Scalability. No server should be more than 80% utilized under daily peak load and the system must accommodate long-term growth of 10% per year.
To fulfill the availability requirement, for each Messaging Server component provide two instances, one of each on separate hardware servers. If a server for one component fails, the other provides the service. The following figure illustrates the network diagram for this availability strategy.
In the preceding figure the number of CPUs has doubled from the original estimate. The CPUs are doubled for the following reasons:
In the event one server fails, the remaining server provides the CPU power to handle the load.
For the scalability requirement that no single server is more than 80% utilized under peak load, the added CPU power provides this safety margin.
For the scalability requirement to accommodate 10% increased load per year, the added CPU power adds latent capacity that can handle increasing loads until additional scaling would be needed.
The following figure shows an example of failover strategy for Calendar Server back-end and Messaging Server messaging store. The Calendar Server back-end and messaging store are replicated on separate hardware servers and configured for failover with Sun Cluster software. The number of CPUs and corresponding memory are replicated on each server in the Sun Cluster.
Directory services can be replicated to distribute transactions across different servers, providing high availability. Directory Server provides various strategies for replication of services, including the following:
Multiple databases. Stores different portions of a directory tree in separate databases.
Chaining and referrals. Links distributed data into a single directory tree.
Single master replication. Provides a central source for the master database, which is then distributed to consumer replicas.
Multi-master replication. Distributes the master database among several servers. Each of these masters then distributes their database among consumer replicas.
Availability strategies for Directory Server is a complex topic that is beyond the scope of this guide. The following sections, Single Master Replication and Multi-Master Replication provide a high-level view of basic replication strategies. For detailed information see Chapter 12, Designing a Highly Available Deployment, in Sun Java System Directory Server Enterprise Edition 6.0 Deployment Planning Guide.
The following figure shows a single master replication strategy that illustrates basic replication concepts.
In single master replication, one instance of Directory Server manages the master directory database, logging all changes. The master database is replicated to any number of consumer databases. The consumer instances of Directory Server are optimized for read and search operations. Any write operation received by a consumer is referred back to the master. The master periodically updates the consumer databases.

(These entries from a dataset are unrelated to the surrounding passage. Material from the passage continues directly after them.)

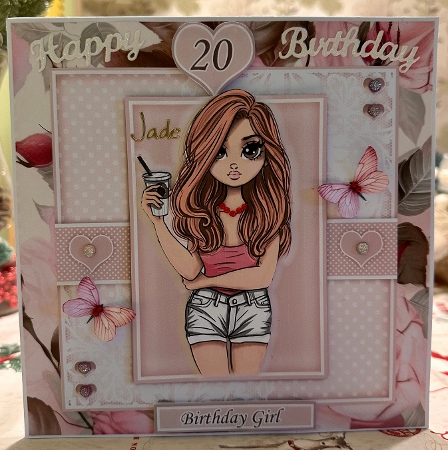 Birthday Girl 5 Mini Kit With Ages 15 - 21 Yrs by Suzanne Kavanagh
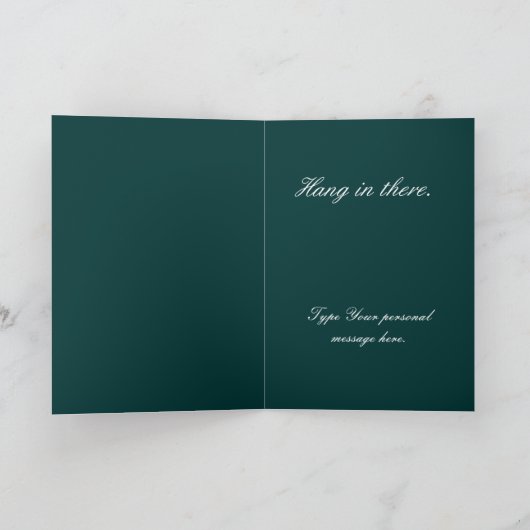 Keep Calm And Carry On Card Karte (Innenseite)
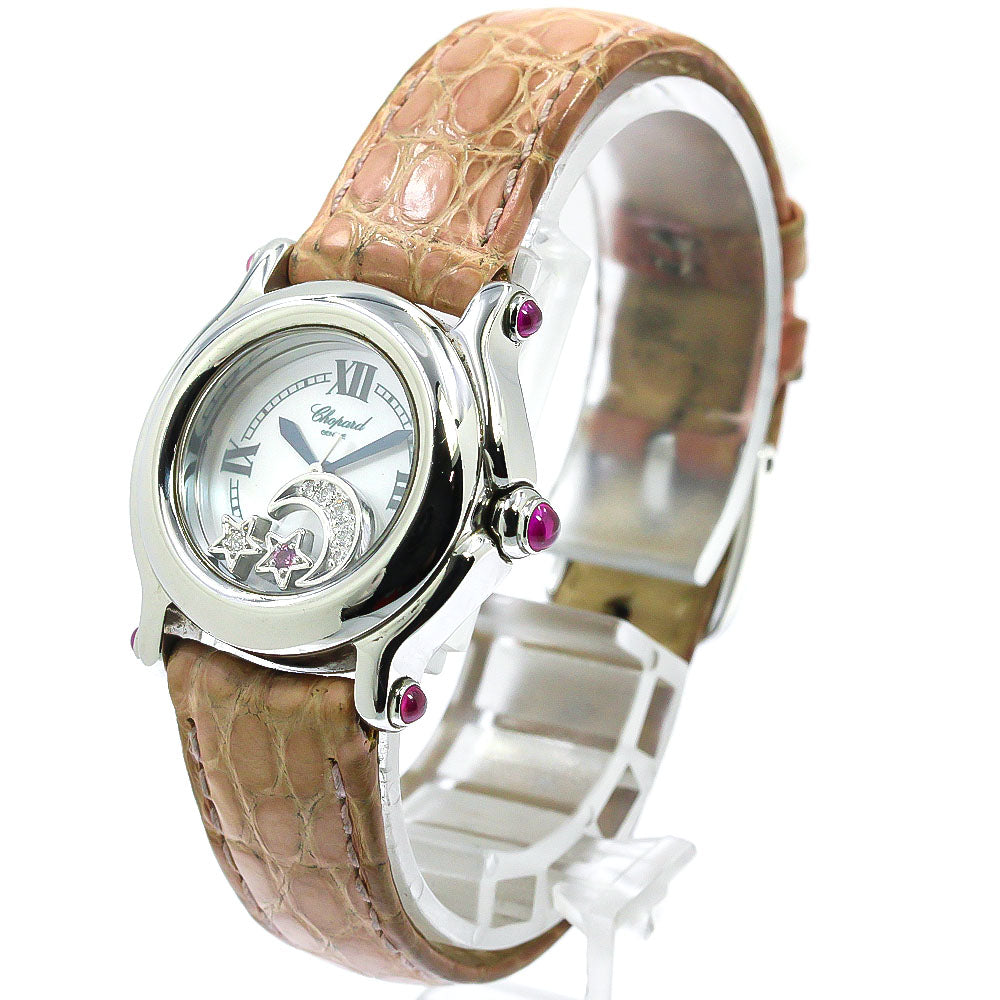 Chopard Happy sports 27/8245-42 Moon star White shell Dial Quartz Ladies_667345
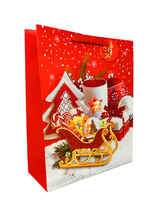 Bolsa de Regalo Navidad Glitter 12 Unidades Diseños Surtidos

Advantages of single master replication include:
Single instance of Directory Server optimized for database read and write operations
Any number of consumer instances of Directory Server optimized for read and search operations
Horizontal scalability for consumer instances of Directory Server
The following figure shows a multi-master replication strategy that might be used to distribute directory access globally.
In multi-master replication, one or more instances of Directory Server manages the master directory database. Each master has a replication agreement that specifies procedures for synchronizing the master databases. Each master replicates to any number of consumer databases. As with single master replication, the consumer instances of Directory Server are optimized for read and search access. Any write operation received by a consumer is referred back to the master. The master periodically updates the consumer databases.
Multi-master replication strategy provides all the advantages of single master replication, plus an availability strategy that can provide load balancing for updates to the masters. You can also implement an availability strategy that provides local control of directory operations, which is an important consideration for enterprises with globally distributed data centers.